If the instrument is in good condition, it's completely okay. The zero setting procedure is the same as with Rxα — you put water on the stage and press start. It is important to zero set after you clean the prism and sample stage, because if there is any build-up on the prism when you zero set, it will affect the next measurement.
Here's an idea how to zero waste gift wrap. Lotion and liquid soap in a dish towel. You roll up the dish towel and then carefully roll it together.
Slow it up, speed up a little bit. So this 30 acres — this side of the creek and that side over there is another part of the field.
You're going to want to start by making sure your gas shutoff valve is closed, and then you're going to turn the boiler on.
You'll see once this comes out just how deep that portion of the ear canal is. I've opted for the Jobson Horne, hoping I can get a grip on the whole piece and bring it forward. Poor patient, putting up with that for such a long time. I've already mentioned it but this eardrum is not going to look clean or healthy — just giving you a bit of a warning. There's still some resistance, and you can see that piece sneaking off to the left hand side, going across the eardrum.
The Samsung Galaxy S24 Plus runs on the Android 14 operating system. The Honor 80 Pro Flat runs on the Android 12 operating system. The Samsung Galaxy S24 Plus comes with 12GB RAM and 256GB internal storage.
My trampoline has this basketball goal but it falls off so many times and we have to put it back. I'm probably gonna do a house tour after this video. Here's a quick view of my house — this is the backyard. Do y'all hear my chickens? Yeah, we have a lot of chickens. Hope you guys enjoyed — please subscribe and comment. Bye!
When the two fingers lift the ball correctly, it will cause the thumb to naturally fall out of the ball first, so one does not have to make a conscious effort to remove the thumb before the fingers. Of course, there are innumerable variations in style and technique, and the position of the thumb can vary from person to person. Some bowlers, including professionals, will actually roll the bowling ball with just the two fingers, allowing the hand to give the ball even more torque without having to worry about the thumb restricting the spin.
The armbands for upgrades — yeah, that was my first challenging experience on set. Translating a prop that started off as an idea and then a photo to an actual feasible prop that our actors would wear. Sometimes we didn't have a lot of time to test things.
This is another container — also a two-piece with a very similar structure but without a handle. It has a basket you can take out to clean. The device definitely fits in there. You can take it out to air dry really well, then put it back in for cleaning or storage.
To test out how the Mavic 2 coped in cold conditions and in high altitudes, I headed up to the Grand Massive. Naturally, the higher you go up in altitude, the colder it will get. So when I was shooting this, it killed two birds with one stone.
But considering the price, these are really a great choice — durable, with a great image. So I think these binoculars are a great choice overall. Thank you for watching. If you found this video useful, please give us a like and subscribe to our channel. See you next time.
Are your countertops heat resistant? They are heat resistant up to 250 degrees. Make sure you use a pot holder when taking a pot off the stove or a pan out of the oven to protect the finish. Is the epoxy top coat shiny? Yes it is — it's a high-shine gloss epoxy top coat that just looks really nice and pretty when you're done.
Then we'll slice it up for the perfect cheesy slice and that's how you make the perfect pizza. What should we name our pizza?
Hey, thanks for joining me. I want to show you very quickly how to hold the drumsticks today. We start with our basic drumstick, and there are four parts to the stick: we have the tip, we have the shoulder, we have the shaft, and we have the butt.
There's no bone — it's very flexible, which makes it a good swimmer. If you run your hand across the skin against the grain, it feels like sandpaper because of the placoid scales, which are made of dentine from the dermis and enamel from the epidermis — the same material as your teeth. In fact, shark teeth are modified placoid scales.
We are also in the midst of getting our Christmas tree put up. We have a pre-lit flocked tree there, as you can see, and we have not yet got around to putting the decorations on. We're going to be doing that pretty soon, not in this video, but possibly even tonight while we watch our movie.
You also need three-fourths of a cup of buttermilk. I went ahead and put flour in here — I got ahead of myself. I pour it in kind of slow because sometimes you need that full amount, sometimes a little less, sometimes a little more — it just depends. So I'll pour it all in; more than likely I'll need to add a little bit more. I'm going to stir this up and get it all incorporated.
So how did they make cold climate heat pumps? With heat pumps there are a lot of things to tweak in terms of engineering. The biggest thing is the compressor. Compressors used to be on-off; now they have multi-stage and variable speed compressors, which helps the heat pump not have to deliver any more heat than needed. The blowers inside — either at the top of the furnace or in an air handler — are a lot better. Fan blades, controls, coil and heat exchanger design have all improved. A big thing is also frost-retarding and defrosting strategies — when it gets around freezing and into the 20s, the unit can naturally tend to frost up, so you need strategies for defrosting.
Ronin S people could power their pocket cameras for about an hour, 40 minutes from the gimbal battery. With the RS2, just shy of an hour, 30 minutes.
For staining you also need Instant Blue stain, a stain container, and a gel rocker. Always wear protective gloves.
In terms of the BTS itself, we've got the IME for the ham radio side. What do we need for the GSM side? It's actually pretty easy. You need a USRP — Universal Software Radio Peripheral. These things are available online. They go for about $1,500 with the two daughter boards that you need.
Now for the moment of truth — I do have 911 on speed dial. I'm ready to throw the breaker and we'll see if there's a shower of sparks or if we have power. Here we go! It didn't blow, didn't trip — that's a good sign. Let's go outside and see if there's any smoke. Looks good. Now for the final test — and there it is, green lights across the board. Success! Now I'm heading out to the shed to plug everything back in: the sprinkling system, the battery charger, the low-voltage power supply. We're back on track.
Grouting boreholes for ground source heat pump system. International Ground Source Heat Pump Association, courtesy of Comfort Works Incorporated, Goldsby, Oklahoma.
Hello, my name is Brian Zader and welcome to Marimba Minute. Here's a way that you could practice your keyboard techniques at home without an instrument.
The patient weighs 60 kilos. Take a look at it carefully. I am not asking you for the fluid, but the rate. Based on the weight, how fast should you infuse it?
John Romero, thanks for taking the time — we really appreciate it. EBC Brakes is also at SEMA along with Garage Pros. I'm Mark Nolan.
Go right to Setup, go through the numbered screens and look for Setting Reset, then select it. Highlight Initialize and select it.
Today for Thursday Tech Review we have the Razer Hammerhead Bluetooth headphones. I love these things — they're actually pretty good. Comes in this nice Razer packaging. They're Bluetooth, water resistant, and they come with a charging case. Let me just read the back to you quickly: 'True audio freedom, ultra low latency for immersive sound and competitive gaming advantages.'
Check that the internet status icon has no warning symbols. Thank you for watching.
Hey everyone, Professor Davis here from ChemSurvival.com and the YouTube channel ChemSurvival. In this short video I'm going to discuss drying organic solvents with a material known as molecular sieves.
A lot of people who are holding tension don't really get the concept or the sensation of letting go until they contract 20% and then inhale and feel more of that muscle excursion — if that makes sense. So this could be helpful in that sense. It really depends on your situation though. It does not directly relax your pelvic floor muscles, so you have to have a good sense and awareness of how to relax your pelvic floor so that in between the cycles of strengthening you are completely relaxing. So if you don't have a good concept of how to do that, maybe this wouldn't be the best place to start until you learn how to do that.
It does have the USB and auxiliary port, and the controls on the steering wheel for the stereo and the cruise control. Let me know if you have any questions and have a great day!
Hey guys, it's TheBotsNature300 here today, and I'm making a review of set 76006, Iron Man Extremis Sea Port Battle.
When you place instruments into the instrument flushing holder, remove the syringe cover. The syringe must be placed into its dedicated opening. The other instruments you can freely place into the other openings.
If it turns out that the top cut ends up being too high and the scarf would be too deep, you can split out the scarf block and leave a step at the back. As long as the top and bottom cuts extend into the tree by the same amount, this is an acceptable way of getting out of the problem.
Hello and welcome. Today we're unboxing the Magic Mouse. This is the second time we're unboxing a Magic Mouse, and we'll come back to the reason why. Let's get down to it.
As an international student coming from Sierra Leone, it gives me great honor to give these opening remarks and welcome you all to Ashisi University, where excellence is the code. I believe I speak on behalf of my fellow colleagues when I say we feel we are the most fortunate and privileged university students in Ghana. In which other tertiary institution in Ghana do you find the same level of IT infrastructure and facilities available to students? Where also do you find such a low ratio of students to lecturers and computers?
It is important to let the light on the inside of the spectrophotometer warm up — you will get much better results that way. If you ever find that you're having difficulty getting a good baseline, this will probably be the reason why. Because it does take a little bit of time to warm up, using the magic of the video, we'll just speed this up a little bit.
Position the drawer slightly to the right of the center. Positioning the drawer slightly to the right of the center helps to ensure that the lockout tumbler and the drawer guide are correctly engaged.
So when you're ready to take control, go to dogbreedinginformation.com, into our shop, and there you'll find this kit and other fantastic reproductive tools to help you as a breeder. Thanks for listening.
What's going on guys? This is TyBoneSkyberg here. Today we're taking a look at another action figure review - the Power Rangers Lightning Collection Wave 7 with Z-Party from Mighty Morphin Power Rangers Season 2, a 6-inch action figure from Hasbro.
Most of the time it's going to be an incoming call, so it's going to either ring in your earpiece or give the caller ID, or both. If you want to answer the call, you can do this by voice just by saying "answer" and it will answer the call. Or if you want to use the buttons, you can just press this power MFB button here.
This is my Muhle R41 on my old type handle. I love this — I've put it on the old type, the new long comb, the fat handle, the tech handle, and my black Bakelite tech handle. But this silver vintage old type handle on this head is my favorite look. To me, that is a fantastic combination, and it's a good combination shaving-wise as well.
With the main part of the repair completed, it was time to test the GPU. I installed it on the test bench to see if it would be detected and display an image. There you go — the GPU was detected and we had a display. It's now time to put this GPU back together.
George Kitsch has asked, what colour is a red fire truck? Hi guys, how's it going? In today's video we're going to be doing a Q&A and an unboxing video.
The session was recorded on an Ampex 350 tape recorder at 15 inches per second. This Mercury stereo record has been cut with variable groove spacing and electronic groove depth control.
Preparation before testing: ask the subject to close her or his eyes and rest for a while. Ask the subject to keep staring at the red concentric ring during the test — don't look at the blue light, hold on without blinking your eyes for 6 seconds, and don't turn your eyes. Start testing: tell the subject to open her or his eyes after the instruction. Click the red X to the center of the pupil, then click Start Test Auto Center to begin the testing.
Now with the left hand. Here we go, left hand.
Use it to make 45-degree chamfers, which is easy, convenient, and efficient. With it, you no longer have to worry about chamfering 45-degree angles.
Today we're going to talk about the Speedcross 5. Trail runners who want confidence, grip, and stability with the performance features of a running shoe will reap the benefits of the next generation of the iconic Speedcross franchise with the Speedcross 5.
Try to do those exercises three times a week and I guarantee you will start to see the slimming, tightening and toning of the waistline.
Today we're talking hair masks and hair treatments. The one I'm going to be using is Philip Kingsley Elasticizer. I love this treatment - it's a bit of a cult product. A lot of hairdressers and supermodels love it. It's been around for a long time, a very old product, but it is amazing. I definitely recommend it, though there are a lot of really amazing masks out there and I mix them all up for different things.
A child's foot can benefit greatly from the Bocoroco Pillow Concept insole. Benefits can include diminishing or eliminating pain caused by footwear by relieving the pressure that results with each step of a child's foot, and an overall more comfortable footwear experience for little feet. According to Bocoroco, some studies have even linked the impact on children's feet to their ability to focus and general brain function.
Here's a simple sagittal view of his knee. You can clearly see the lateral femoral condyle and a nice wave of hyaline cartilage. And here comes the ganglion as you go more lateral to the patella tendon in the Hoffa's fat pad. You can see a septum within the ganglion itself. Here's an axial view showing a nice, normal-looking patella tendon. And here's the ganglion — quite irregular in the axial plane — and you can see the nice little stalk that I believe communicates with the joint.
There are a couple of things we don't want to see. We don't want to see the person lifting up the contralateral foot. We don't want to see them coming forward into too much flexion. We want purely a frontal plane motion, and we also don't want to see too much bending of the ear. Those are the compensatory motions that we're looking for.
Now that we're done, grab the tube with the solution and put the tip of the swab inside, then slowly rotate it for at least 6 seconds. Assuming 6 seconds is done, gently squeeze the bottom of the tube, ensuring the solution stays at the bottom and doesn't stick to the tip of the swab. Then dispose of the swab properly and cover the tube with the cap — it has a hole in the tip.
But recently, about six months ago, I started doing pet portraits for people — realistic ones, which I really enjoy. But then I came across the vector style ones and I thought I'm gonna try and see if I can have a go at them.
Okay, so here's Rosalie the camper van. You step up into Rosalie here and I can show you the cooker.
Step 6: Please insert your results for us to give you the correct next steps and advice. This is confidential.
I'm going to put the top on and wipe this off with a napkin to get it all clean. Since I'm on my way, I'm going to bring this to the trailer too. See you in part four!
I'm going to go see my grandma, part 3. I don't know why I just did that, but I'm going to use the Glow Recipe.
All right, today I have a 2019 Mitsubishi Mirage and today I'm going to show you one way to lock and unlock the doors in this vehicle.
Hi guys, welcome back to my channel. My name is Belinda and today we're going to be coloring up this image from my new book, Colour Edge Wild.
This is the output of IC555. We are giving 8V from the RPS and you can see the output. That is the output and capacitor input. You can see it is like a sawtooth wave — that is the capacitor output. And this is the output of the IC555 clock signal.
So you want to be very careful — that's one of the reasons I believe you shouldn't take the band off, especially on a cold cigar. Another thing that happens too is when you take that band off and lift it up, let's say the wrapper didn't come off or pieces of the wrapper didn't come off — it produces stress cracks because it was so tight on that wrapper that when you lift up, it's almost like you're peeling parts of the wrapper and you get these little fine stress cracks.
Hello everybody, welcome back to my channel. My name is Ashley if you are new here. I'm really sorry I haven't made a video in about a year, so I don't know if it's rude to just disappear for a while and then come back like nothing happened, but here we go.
══════════
Task instructions:
Using the entries above, give again exactly the lines from the line holding "John Romero, thanks" through the line holding "Hey everyone, Professor". Include both end lines and nothing else.

Task answer:
John Romero, thanks for taking the time — we really appreciate it. EBC Brakes is also at SEMA along with Garage Pros. I'm Mark Nolan.
Go right to Setup, go through the numbered screens and look for Setting Reset, then select it. Highlight Initialize and select it.
Today for Thursday Tech Review we have the Razer Hammerhead Bluetooth headphones. I love these things — they're actually pretty good. Comes in this nice Razer packaging. They're Bluetooth, water resistant, and they come with a charging case. Let me just read the back to you quickly: 'True audio freedom, ultra low latency for immersive sound and competitive gaming advantages.'
Check that the internet status icon has no warning symbols. Thank you for watching.
Hey everyone, Professor Davis here from ChemSurvival.com and the YouTube channel ChemSurvival. In this short video I'm going to discuss drying organic solvents with a material known as molecular sieves.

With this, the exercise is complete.